Now in its 13th year, the McDonald's high school all-star basketball game is several things rolled into one. It's a promotion: Indianapolis was awash in golden arches last week. It's a benefit: Gate receipts from Sunday's game at Market Square Arena went to charity. It's a reward: The 20 McD's All-Americas got new sweat suits and sneakers and an excuse to blow off a week or so of school.
What the game is not is an occasion to swing the ball around and milk the shot clock. As the players fast-broke, alley-ooped and whipped the crowd of 12,033 into a frenzy with slam after thunderous slam, it was clear that they understood what was expected of them. As Duke signee Grant Hill, a 6'8" scoring machine from Reston, Va., said, "These people came here to see offense. They want dazzling passes and slam dunks. It's our duty to provide them."
Clearly, the East squad was better equipped to attend to its duties. With its greyhound guards—three of them from New York City—creating turnovers and cuing up fast breaks, the East romped 115-104. One of the New Yorkers, future Arizona Wildcat Khalid Reeves, was the East's MVP, with 10 steals and 22 points.
In addition to buttressing New York's claim that it begets more blue-chip guards than any other city, the game was a national TV coming-out party for three players at least seven feet tall:
April 22, 1990
•Shawn Bradley, a 7'6", 215-pound farm boy from Castle Dale, Utah, was the top surprise. "I thought he'd be sorry," said Michael Smith, a Providence Friar-to-be from Dunbar High in Baltimore. "But he can run, and he's got a nice jumper."
Besides contributing 12 points and 10 rebounds, Bradley, the McD co-MVP with Reeves, had six blocks and forced opponents to alter countless other shots. Bradley also plays golf and tennis, water-skis and, until this season, played first base for Emery County High. He batted .407 as a junior and, remarkably, even drew a walk. He'll enroll at BYU.
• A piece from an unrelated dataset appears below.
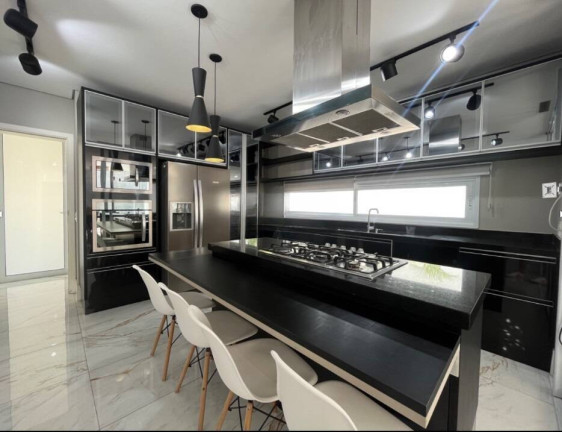 Imagem Casa de Condomínio com 3 Quartos à Venda, 310 m² em Cidade Santos Dumont - Jundiaí Imagem Casa de Condomínio com 3 Quartos à Venda, 310 m² em Cidade Santos Dumont - Jundiaí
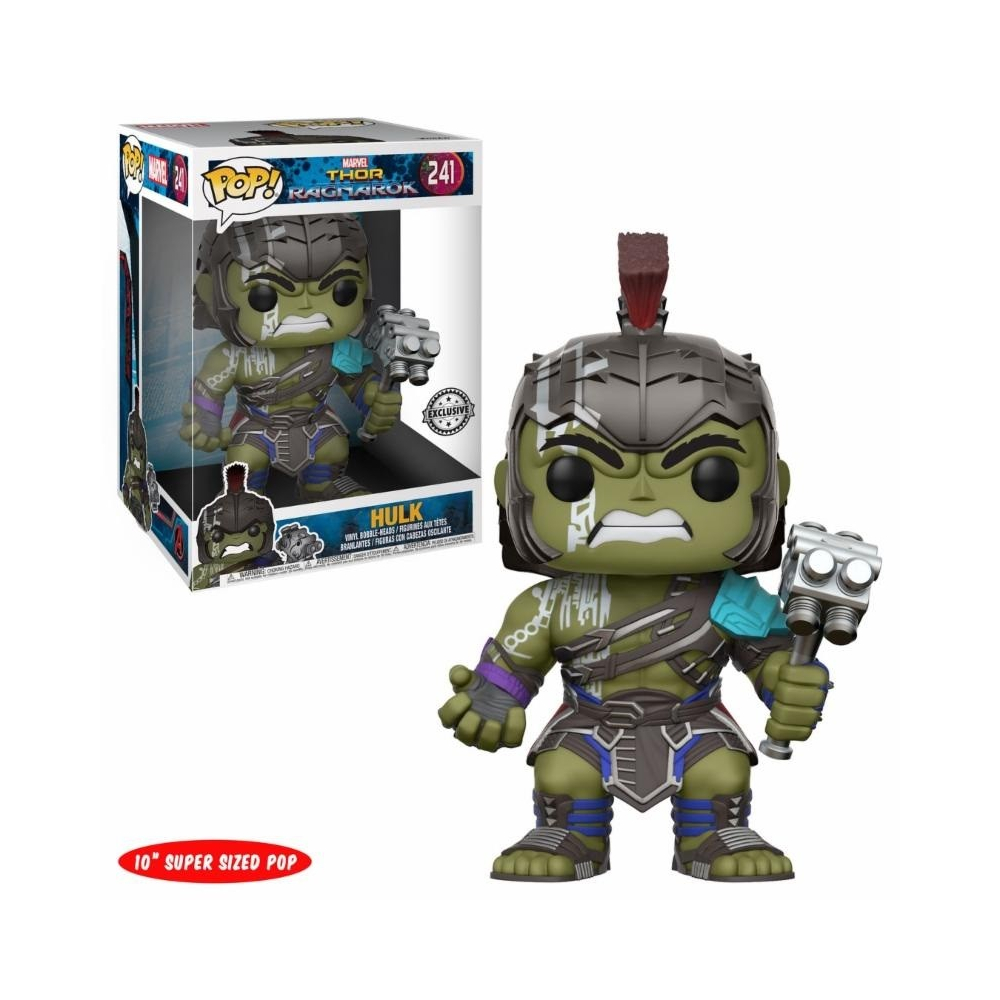 Thor Ragnarok - Figurine POP Hulk Gladiator Giant 25cm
•Befitting his square jaw and crew cut, 7'½" Eric Montross of Lawrence North High in Indianapolis plays a hard-nosed inside game that brims with sturdy virtues—witness the four stitches he took over his left eye following a scrimmage earlier in the week. Yet as Montross was introduced on Sunday, he heard a smattering of boos. They were his reward for choosing an out-of-state college: He'll attend North Carolina, along with three other McDonald's All-Americas.
•The East's answer to Bradley and Montross was Luther Wright, a 7'2", 300-pounder from Elizabeth, N.J. Wright chose Seton Hall so that he could remain close to his mother, Mae. Sure, Wright flung up a few bowling balls on Sunday. No matter—normally he has a much softer touch. And yes, as Seton Hall coach P.J. Carlesimo says, "He'll need to redistribute some of that weight."
In scrimmages during the week, Wright swatted Bradley around as if Bradley were a noisome insect. Mindful of this, the West coaches had Montross guard Wright on Sunday and assigned Bradley to Wake Forest-bound Rodney Rogers, a 6'7½", 230-pounder who calls to mind a lardless Charles Barkley. The game was close at intermission, largely because Rogers had been quiet. However, when he got going late in the second half, the paint became Mr. Rogers' neighborhood. In fact, the East's final three baskets were recorded thusly on the play-by-play sheet:
Rogers Slam Dunk
Rogers Slam Dunk (Autry)
Steal—Rogers, Rogers Slam Dunk.
Then the horn sounded, and Rogers was mobbed by members of both teams. The final dunk, a 360-degree job, may have seemed a bit gratuitous, but Rogers was only doing his duty.